Vor rund einem Jahr, als Sie zum neuen BVB-Direktor ernannt wurden, wohnten Sie noch im Kanton Bern.

Ja, ich habe schon damals gesagt, dass ich so bald wie möglich hierhin ziehen möchte.

Wie hat es mit dem Einleben geklappt?

Sehr gut, ich arbeite schon seit mehr als drei Jahren in Basel und fühle mich wohl hier. Gerade das Gundeli ist wunderbar, da ist viel Leben in den Strassen, das Angebot an Restaurants und Cafés ist auch toll.

In den vergangenen Wochen hat sich das Leben in die eigenen vier Wände verlagert. Viele haben die Zeit genutzt, um auszumisten, den Garten umzugestalten und so weiter. Was für Arbeiten haben Sie erledigt?

(lacht) Keine, da fehlte mir die Zeit dafür. Ich stand quasi sieben Tage die Woche im Einsatz. Wir führten die BVB im Taskforce-Modus, es gab unheimlich viel zu regeln, jeden Tag mussten neue Fragen geklärt werden. Die kurzfristige Umstellung auf den reduzierten Fahrplan und auf das Schutzkonzept war eine grosse Herausforderung.

Die BVB stand nicht still. Und trotzdem wurde Kurzarbeit beantragt. Das kam beim Gewerbeverband und einigen Politikern nicht gut an, weil das Unternehmen 30 Jahre Überstunden angehäuft hat.

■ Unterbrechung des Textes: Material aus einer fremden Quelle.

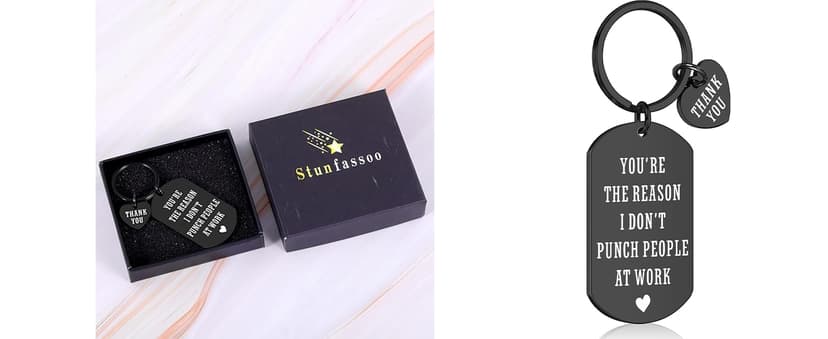 STUNFASSOO Boss Day Gifts for Women Men, Funny Boss Gifts Keychain, Office Gag Gifts for Bosses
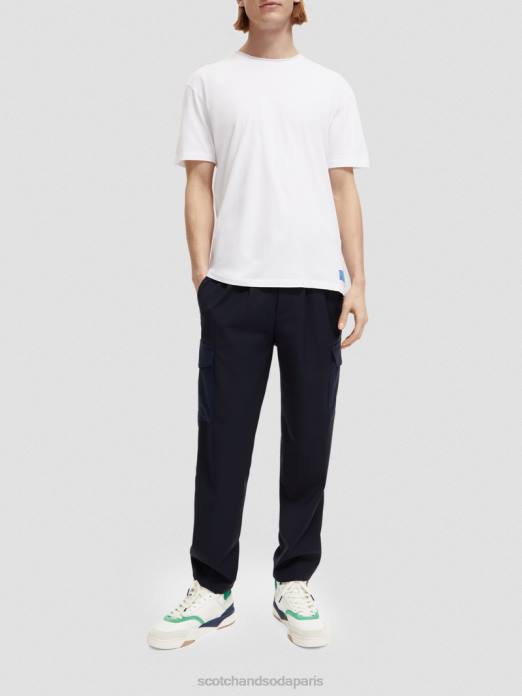 Scotch & Soda Hommes t-shirt coupe décontractée en coton biologique à bords francs blanc vêtements 4HB4454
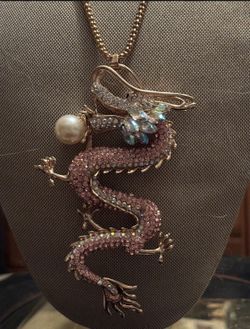 HUGE Pink Rhinestone Dragon Necklace For The “Mother Of Dragons!”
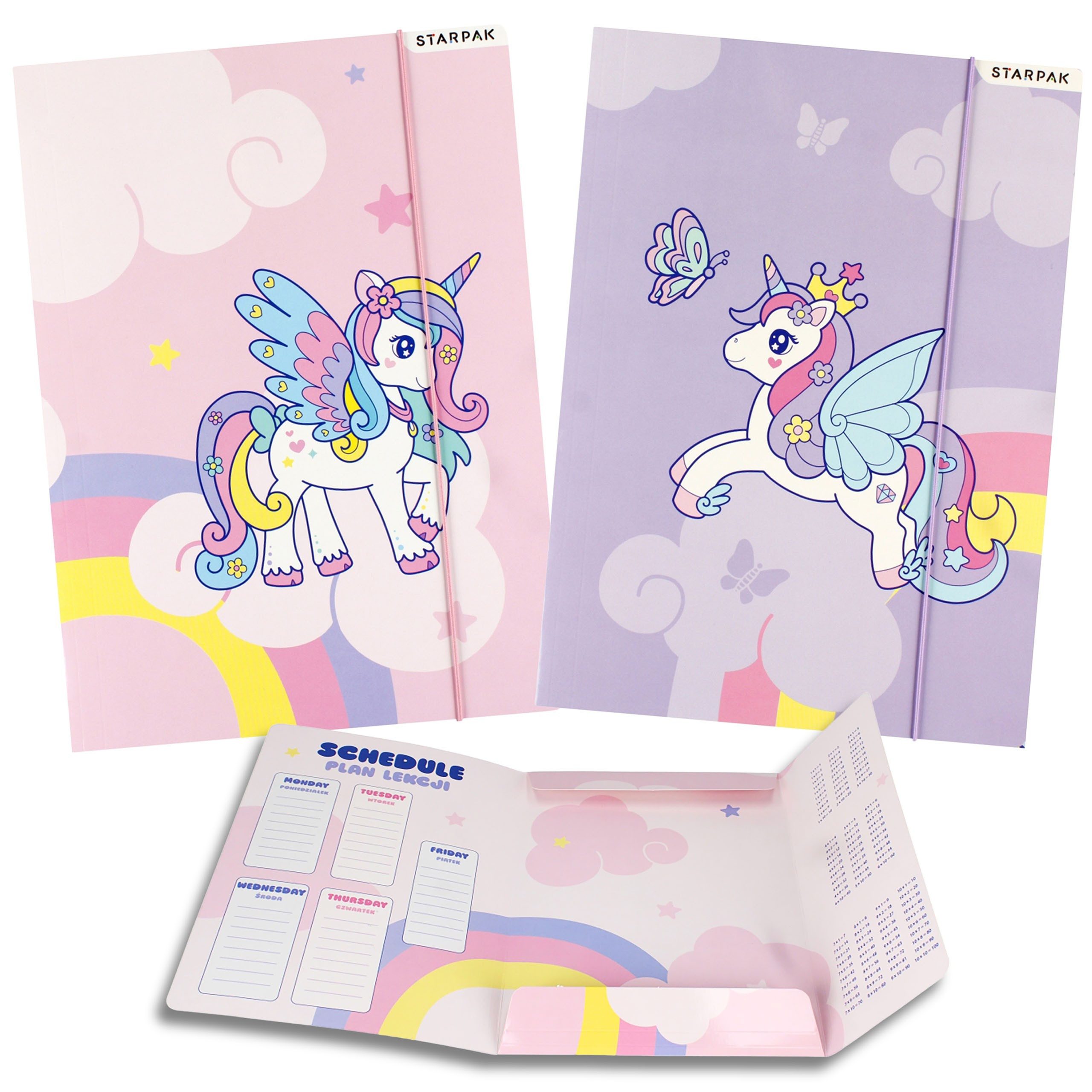 Sarcia.eu Konferenzmappe Einhorn Jurismappe mit Gummizug, rosa A4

Ich verstehe die Kritik. Was viele nicht wissen: Es gab eine klare Empfehlung des Bundesamts für Verkehr an sämtliche Transportunternehmen, vorsorglich Kurzarbeit anzumelden. Und dem sind wir gefolgt. Damit ist noch nicht entschieden, ob unser Antrag vom Kanton bewilligt wird und ob es jemals zu Auszahlungen kommen wird.

Wurde aufgrund des reduzierten Pandemie-Fahrplans die Gelegenheit genutzt, Überstunden abzubauen?

Natürlich – in Absprache mit dem Personal. Der Zeitabbau läuft aber schon seit Monaten, wir sind auf Kurs. Im ersten Quartal dieses Jahres wurden 9000 Stunden abgebaut. Seit Ende vergangenen Jahres konnte auch der Mangel an Fahrpersonal ausgeglichen werden. Damit sollten keine neuen Überstunden entstehen.

Kurzarbeit ist ein Instrument, um Entlassungen zu verhindern und einen drohenden Konkurs abzuwenden. Das sollte bei einem staatsnahen Betrieb ja nicht der Fall sein.

Dieses Risiko besteht bei uns nicht, richtig. Aber Sie müssen schon sehen: Während des Lockdowns verzeichneten wir rund 80 Prozent weniger Fahrgäste, aktuell rund 50 Prozent weniger. Die Erlöse sind weggebrochen bei gleichbleibenden Fixkosten. Das wirkt sich entsprechend negativ auf das Jahresergebnis aus. Wir rechnen Stand heute mit einem tiefen zweistelligen Millionenverlust. Jenen Betrag, den wir allenfalls aufgrund unseres Kurzarbeitantrags erhalten würden, wäre nur ein Bruchteil davon.